The same standard oncologic operations used for non-small cell lung cancer can be applied to patients with lung carcinoids, Pommier notes. Moreover, these patients generally respond more favorably to surgery, since their cancer is less likely to be related to smoking. Additionally, the tumor may cause unusual syndromes, such as Cushing's syndrome, which are alleviated by resection.

Pommier categorizes pancreatic NETs into two categories based on tumor sizes. Small tumors are generally very small and not localized at the time of the surgery. Once they are found, they can generally be enucleated without major pancreatic resection. However, in larger tumors the feasibility of resection relies heavily on location.

In small bowel tumors, the size of the tumor is less important than the degree of nodal involvement, Pommier notes. In these patients, a wide lymph node resection is advised.

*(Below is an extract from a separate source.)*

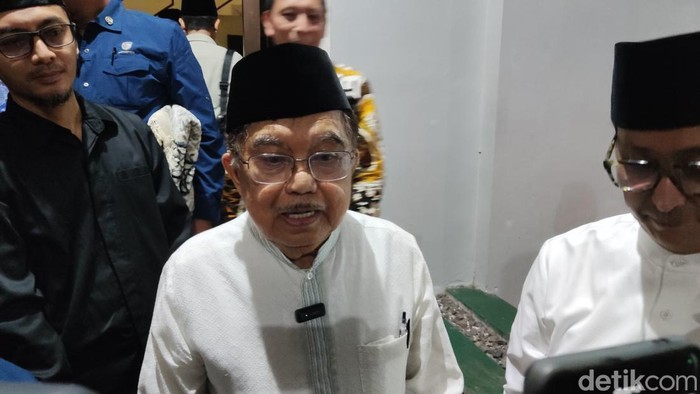 Ketum PP Dewan Masjid Indonesia Jusuf Kalla mengimbau seluruh pengelola masjid di Indonesia membaca doa qunut nazilah saat salat Jumat besok.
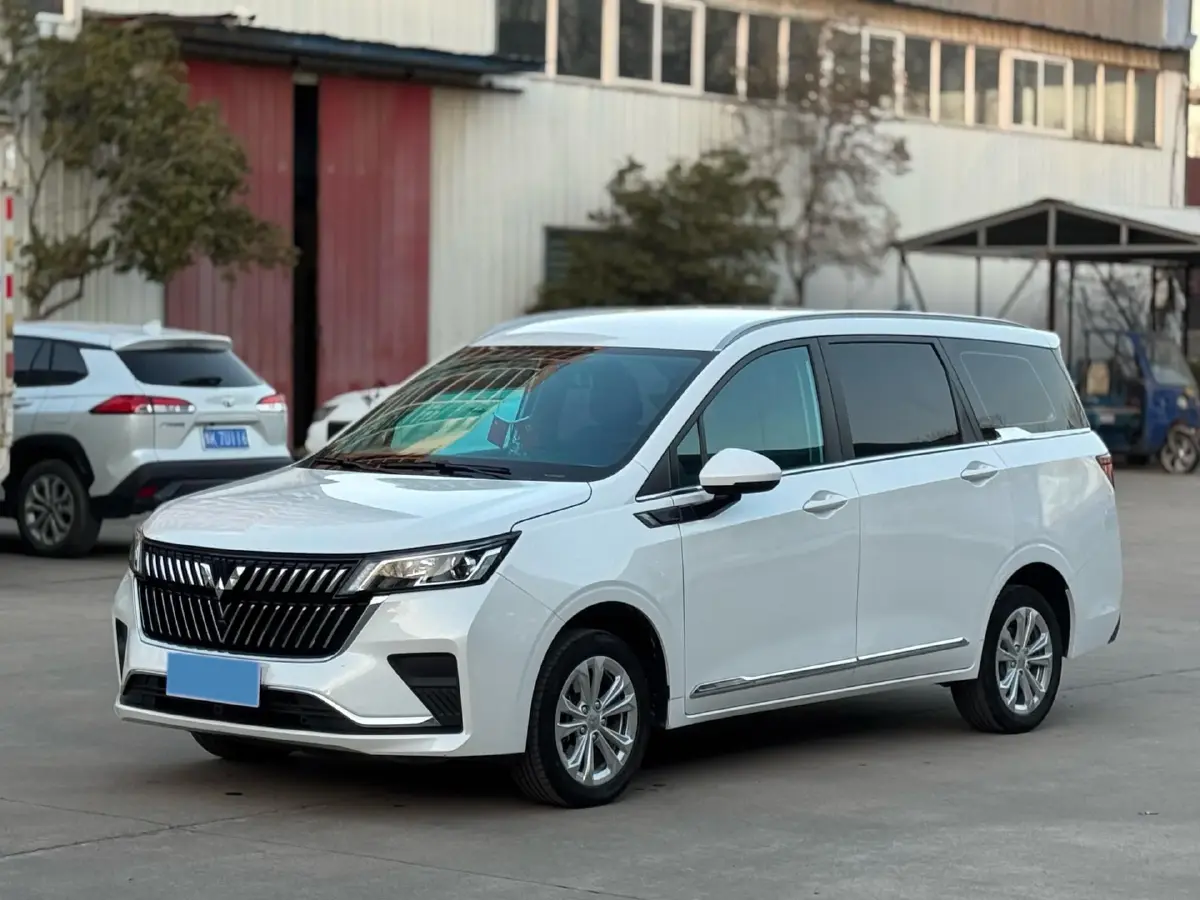2022 WuLing JiaChen 1.5L 99HP L4 6MT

Pommier states that strict criteria exist regarding surgical resection in patients with metastatic disease; however, many of these guidelines may not apply for NETs. He adds that studies have shown that patients with multiple hepatic metastases with 70% to 90% of their disease debulked will have the same outcomes as patients who have a 100% resection. As a result, Pommier believes, achieving a complete resection with negative margins is not entirely necessary.

Panelists, James C. Yao, MD, and Pamela L. Kunz, MD, believe the treatment decision should be individualized and based on a multidisciplinary context. Yao notes that generally patients with a more indolent treatment course benefit from surgery for a longer duration. Kunz notes that other means, such as therapeutic intervention, are being examined to reduce the risk of recurrence following resection.